So this might look very different, its actually a similar concept of multiplexing small snippets of ordered statement sequences onto a single thread. Its similar to "Green Threads" (low overhead software emulated threads). If such a 'goroutine'/'threadlet' needs to wait or is logically blocked, the processing thread does not stop but processes another goroutine (in case of actors: message from mailbox).

As the Java, Javascript and Dart Virtual Machines have no concept of "coroutines" (=a runnable piece of code with associated stack and state = software thread = green thread) support, a more explicit syntax to emulate green threads is required for asynchronous programming in those lanugages.
The rationale behind go-routines/actors/future based asynchronism is, that the programmer should specify concurrency of execution. The paralellism/scheduling is  handled by the runtime system.
The Go runtime schedules go routines onto one or more OS threads. Blocking operations are automatically detected (e.g. OS calls), blocking operations such as waiting on messages from a channel/queue actually do not block as the current thread just continues with executing another go-routine.
So from an abstract point of view, go-routines are similar to lightweight threads with built-in awareness of non-blocking message-queues (channels).

Channels replace mailboxes,futures,callbacks

An actor encapsulates a queue (mailbox), a set of messages 'understood' and private (=thread local) data. In Go, mailboxes are replaced by queue objects called 'Channels' which can be created and deleted dynamically. A go routine might choose to open one or more queues (channels) it is listening and sending to. The size of a queue can be set to 0, which equals synchronous data transfer (actually still non blocking as a go-routine != a thread).

Shared State

As go-routines might run in parallel on different cores if the runtime scheduler decides so, there might be multithreaded access to shared data structures (if two go-routines are scheduled on different threads).
As far I understood, in those cases manual synchronization is required. I'd see this as a disadvantage compared to the actor model, where it is very clear wether private or shared data gets accessed. Additionally the concept of actor-local data matches current CPU designs, as each core has a non-shared cache.
The actor pattern enforces a thread-data-ownership by design.
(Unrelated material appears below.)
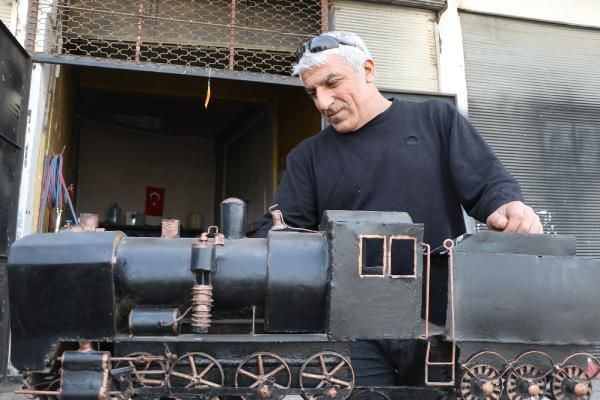 20 yıldır Mardin'e gelmiyor! Maketini yaptı gören fotoğrafını çekti: Gözleri doldu - Resim: 1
Astonishingly I did not find something along the lines of a GO memory model comparable to the JMM, which is required when access to shared data from multiple threads is possible.

See also Concurrency is not parallelism



Dart, Node.js have a shared nothing architecture

No data can be shared amongs processes/isolates. In order to share data, messaging must be used (=has to be encoded and copied). That's probably a contributing factor to the rise of no-sql storage like redis or mongodb. They are used both for persistance and to mimic a shared 'Heap'. In order to share complex data structures, kind of serialization has to be used. Frequently simple solutions, such as transmitting primitve types only or JSon are used, which adds quite some overhead to data sharing.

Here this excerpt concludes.